The time delay between transmission and the arrival of the reflected wave of a signal using ultrasound traveling through a piece of fat tissue was 0.13 ms. At what depth did this reflection occur?

In the clinical use of ultrasound, transducers are always coupled to the skin by a thin layer of gel or oil, replacing the air that would otherwise exist between the transducer and the skin. (a) Using the values of acoustic impedance given in Table 17.5 calculate the intensity reflection coefficient between transducer material and air. (b) Calculate the intensity reflection coefficient between transducer material and gel (assuming for this problem that its acoustic impedance is identical to that of water). (c) Based on the results of your calculations, explain why the gel is used.

(a) Calculate the minimum frequency of ultrasound that will allow you to see details as small as 0.250 mm in human tissue. (b) What is the effective depth to which this sound is effective as a diagnostic probe?

(a) Find the size of the smallest detail observable in human tissue with 20.0-MHz ultrasound. (b) Is its effective penetration depth great enough to examine the entire eye (about 3.00 cm is needed)? (c) What is the wavelength of such ultrasound in $\mathrm{0\xbaC}$ air?

(a) Echo times are measured by diagnostic ultrasound scanners to determine distances to reflecting surfaces in a patient.

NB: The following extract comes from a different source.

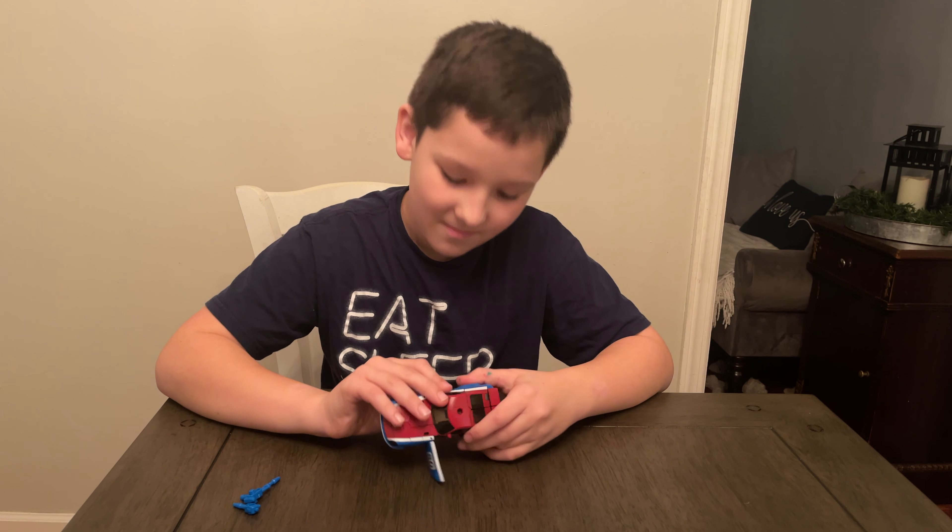That's Smokescreen from Transformers War for Cybertron Earthrise. This is our last video from that awesome big box that Hasbro sent us and we can't wait to do more. You can also check out our Quintesson Judge video that we did before we got the box. The War for Cybertron Earthrise show comes out on Netflix December 30th. This is a deluxe class available now for $19.99, for ages 8 and up, and he's a really awesome car.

What is the difference in echo times for tissues that are 3.50 and 3.60 cm beneath the surface? (This difference is the minimum resolving time for the scanner to see details as small as 0.100 cm, or 1.00 mm. Discrimination of smaller time differences is needed to see smaller details.) (b) Discuss whether the period $T$ of this ultrasound must be smaller than the minimum time resolution. If so, what is the minimum frequency of the ultrasound and is that out of the normal range for diagnostic ultrasound?

(a) How far apart are two layers of tissue that produce echoes having round-trip times (used to measure distances) that differ by $\mathrm{0.750\; \mu s}$ ? (b) What minimum frequency must the ultrasound have to see detail this small?

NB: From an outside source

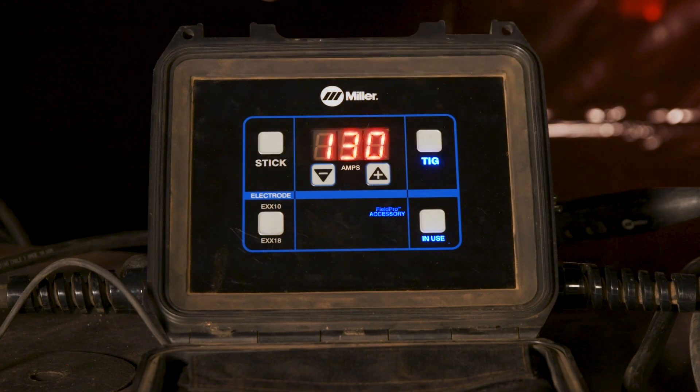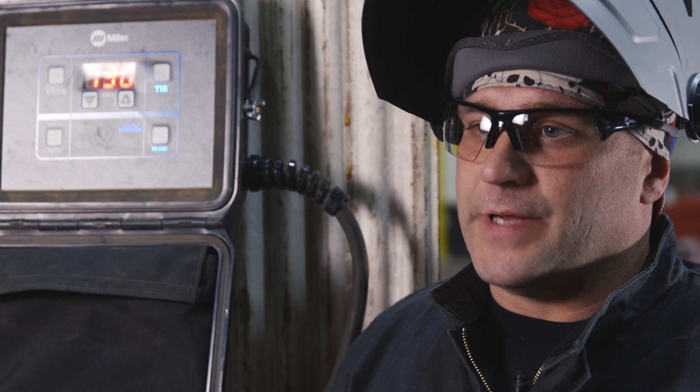Arc control on the TIG welding is very precise, especially with a sharp tungsten. There was no up and down jumping around — where you put it was where it was at.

(a) A bat uses ultrasound to find its way among trees. If this bat can detect echoes 1.00 ms apart, what minimum distance between objects can it detect? (b) Could this distance explain the difficulty that bats have finding an open door when they accidentally get into a house?

A dolphin is able to tell in the dark that the ultrasound echoes received from two sharks come from two different objects only if the sharks are separated by 3.50 m, one being that much farther away than the other. (a) If the ultrasound has a frequency of 100 kHz, show this ability is not limited by its wavelength. (b) If this ability is due to the dolphin’s ability to detect the arrival times of echoes, what is the minimum time difference the dolphin can perceive?

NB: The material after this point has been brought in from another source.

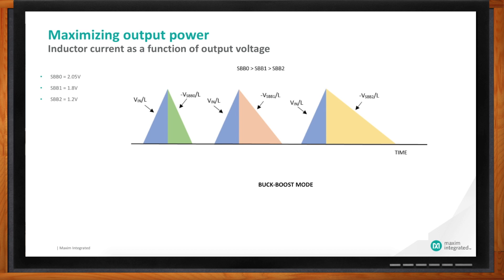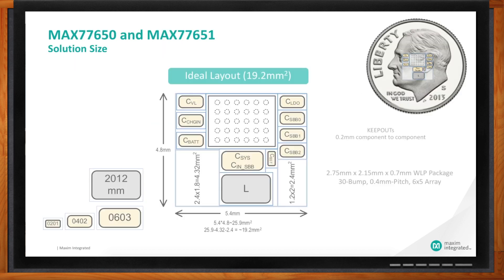The steeper the discharge slope — that is, the higher the output voltage — the less current can be delivered to that output. The lower the output voltage, the more current can be delivered. In these applications, space comes at a very high premium, and this is where the SIMO PMIC really stands out. Using the most common available components, the whole solution — including the PMIC, capacitor, and inductor — is only 19.2 square millimeters. That is really, really small.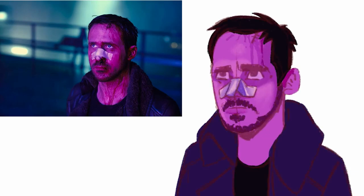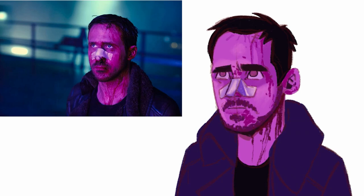I applied for a job at Marvel and they actually reached back to me and said they want something more realistic in terms of anatomy. So I'm going to be practicing this kind of style more often.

A diagnostic ultrasound echo is reflected from moving blood and returns with a frequency 500 Hz higher than its original 2.00 MHz. What is the velocity of the blood? (Assume that the frequency of 2.00 MHz is accurate to seven significant figures and 500 Hz is accurate to three significant figures.)

Ultrasound reflected from an oncoming bloodstream that is moving at 30.0 cm/s is mixed with the original frequency of 2.50 MHz to produce beats. What is the beat frequency? (Assume that the frequency of 2.50 MHz is accurate to seven significant figures.)